§ EXERCISE
Everything in the listing below should be repeated verbatim, apart from the pictures.

§ INPUT DATA
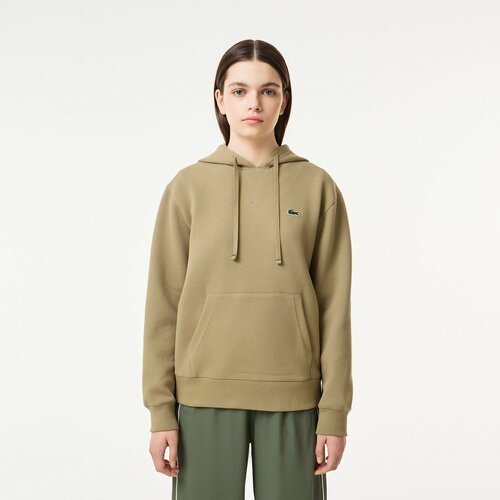 Худи LACOSTE, размер T38, , коричневый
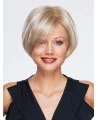 Sassy Blonde Monofilament Chin Length Synthetic Wigs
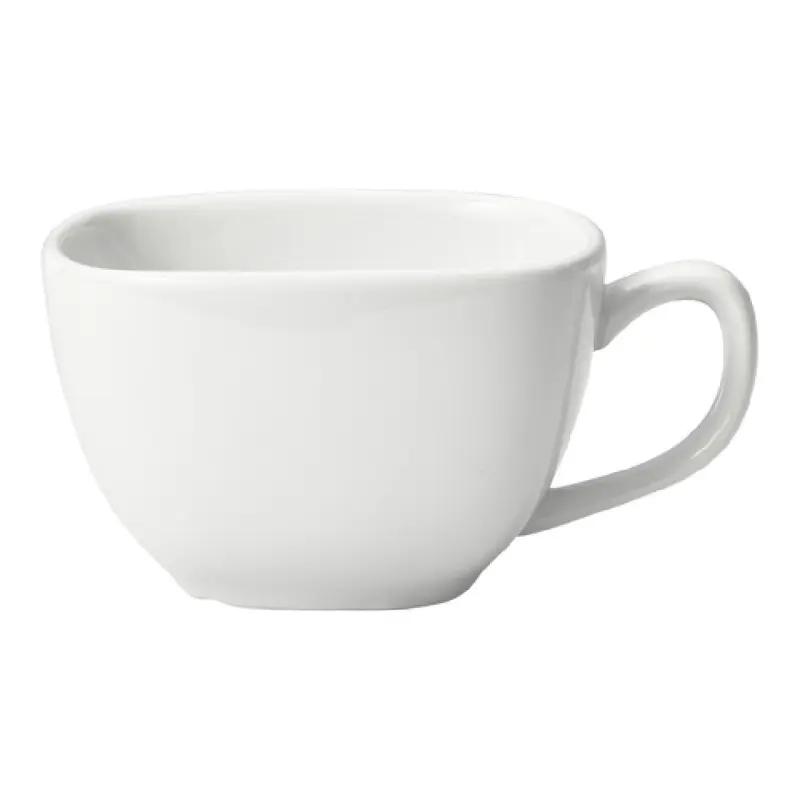 Winco RCC-8 Royalsquare Coffee Cup 8 Oz.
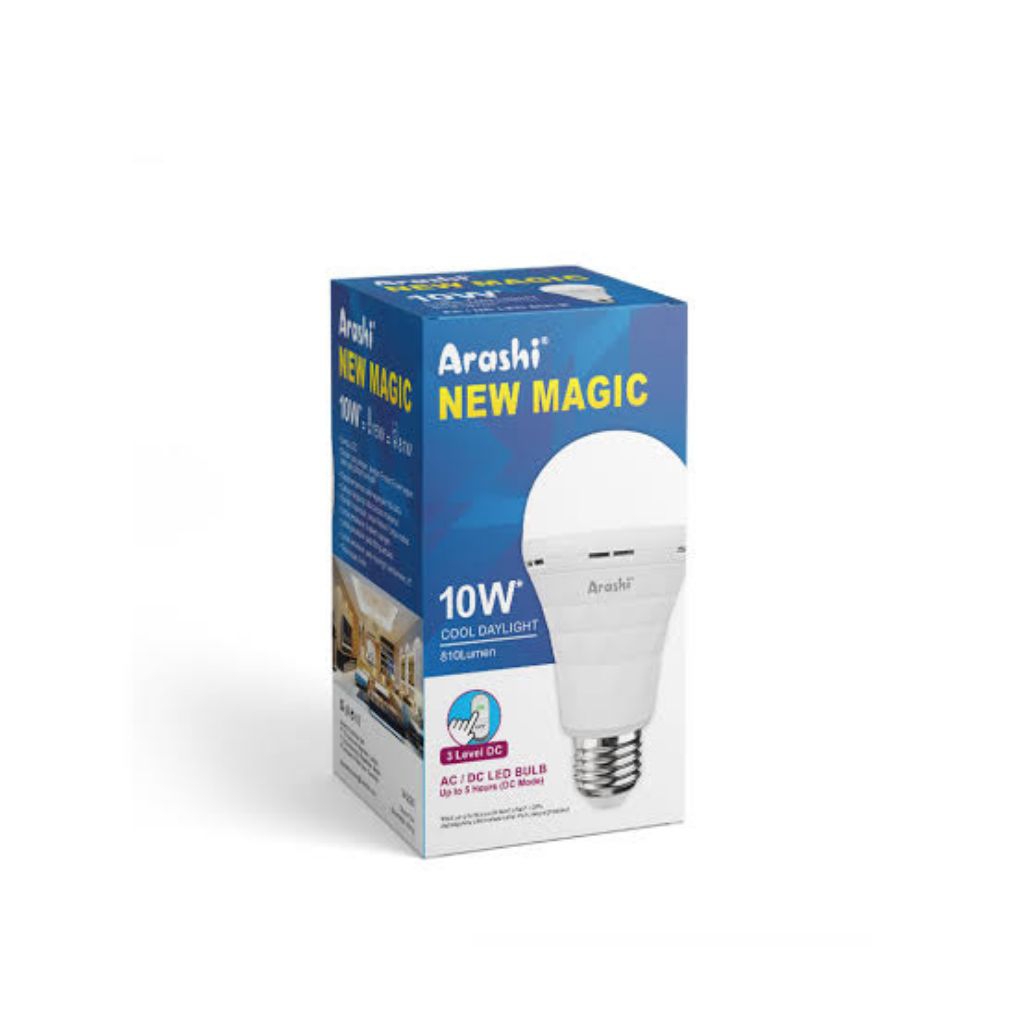 Lampu Emergency Arashi Magic 10Watt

§ SOLUTION FOR THIS TASK
 Худи LACOSTE, размер T38, , коричневый
 Sassy Blonde Monofilament Chin Length Synthetic Wigs
 Winco RCC-8 Royalsquare Coffee Cup 8 Oz.
 Lampu Emergency Arashi Magic 10Watt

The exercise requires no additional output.